For some users, the limitation of R is the implementation of functions, which must be called as text commands, and the user is required to find the proper packages that will accomplish specific tasks, recall the operations, and its argument options. To facilitate the routines for users, AlradSpectra was developed to eliminate this requirement. It has the advantages of providing a user-friendly GUI, being free and easy to operate, and it requires no initial knowledge of R.

Variations in the spectral data, which are caused by chemical and physical properties, can be modeled in conjunction with the target information. In this sense, we propose to develop and evaluate an automated, friendly, and free tool for spectral transformation, multivariate modeling, and prediction using spectroscopic data, denominated as AlradSpectra. The aim of this study was to perform spectral preprocessing and multivariate calibration modeling to predict soil organic carbon (SOC) applying visible near-infrared (Vis-NIR) reflectance spectroscopy using the AlradSpectra.

MATERIALS AND METHODS

Implementation of AlradSpectra

AlradSpectra was implemented in R to perform spectral preprocessing, multivariate modeling, and prediction using spectroscopic data. The features include: i) import large database files; ii) perform nine types of spectral preprocessing and transformation techniques; iii) implement five multivariate calibration methods, which can provide well-fitted and accurate models; iv) provide statistics assessment; v) deliver graphical outputs; vi) validate the model using independent dataset; and vii) predict soil properties.

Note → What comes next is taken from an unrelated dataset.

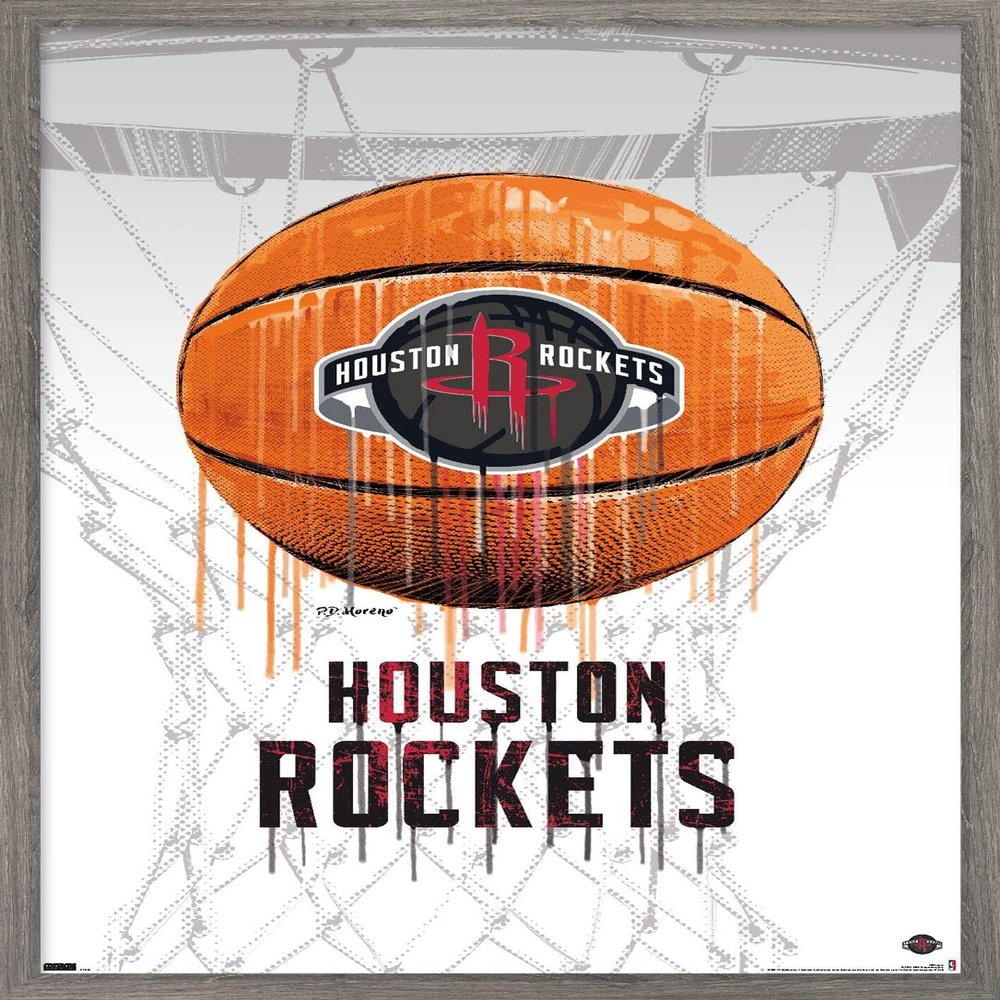 Trends International NBA Houston Rockets - Drip Basketball 21 Wall Poster, 22.375" x 34", Barnwood Framed Version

The AlradSpectra package is sited at the open source community GitHub repository (external link: github.com/AlradSpectra/AlradSpectra) (GPL-3 License). The devtools package is required to download and install AlradSpectra from the source website. During installation, if an error occurs, it is due to the old versions of packages already installed on your computer. The best way to solve this would be to uninstall the outdated ones and run the GUI installation commands again. As the program is operated in a user-friendly graphical interface, all of the operations and parameters required for chemometric analysis can be set through the GUI. The required packages to build AlradSpectra for each stage are listed in table 1 . However, the user does not need to install these packages to open the program, but only needs to run the following commands in R console.

Table 1
Packages required to implement AlradSpectra that will be installed automatically

# Opening AlradSpectra

> install.packages(“devtools”) # Install devtools package only for the first time

> devtools::install_github(“AlradSpectra/AlradSpectra”) # Installation

> AlradSpectra::AlradSpectra() # Loading and Initialization

AlradSpectra interface was developed with a main menu with four different components, which are titled Import Data, Spectral Preprocessing, Modeling, and Prediction ( Figure 1 ). The diagram illustrated in figure 2 is showing the workflow in sequential order. The first module is used to import data, view the imported data in tabular form, view the imported spectral curves, and view the descriptive statistics and histogram of the dependent variable. The next module performs the desired spectral preprocessing. The Modeling module allows the selection of input data and performs the modeling. The Prediction module can validate the models using an independent data set and predict the soil property using spectroscopic data only. The four main modules are described individually in the subsequent sections.

Figure 1
Graphical user interface of AlradSpectra showing the Import Data module.

Figure 2
Flowchart of AlradSpectra.

Import data module

The Import Data module enables to load data in text file (.txt) or comma-delimited values (.csv) file formats by browsing the file interactively or typing the file path. The samples have to be placed in rows and the variables in columns. The following file parameters needed to be set: file separator (usually comma, semicolon, or tab), decimal separator (dot or comma), whether the file has a header (the first row has column names), inform in which column the spectral data starts and ends, the first and last wavelength of the spectrum, and lastly, indicate the column that contains the soil variable and give it a name (not necessarily the same as the column name). These parameters will be required in preprocessing and modeling processes. The ‘Import file’ runs the commands to load the data, the ‘View data’ shows the data as a table, and the ‘View imported spectra’ shows the original spectral curves, while the ‘View Y descriptive statistics’ shows the descriptive statistics of the dependent variable in a text dialog. The ‘View Y histogram’ displays a colorful histogram of the dependent variable. All images can be saved using the ‘Save plot’ button.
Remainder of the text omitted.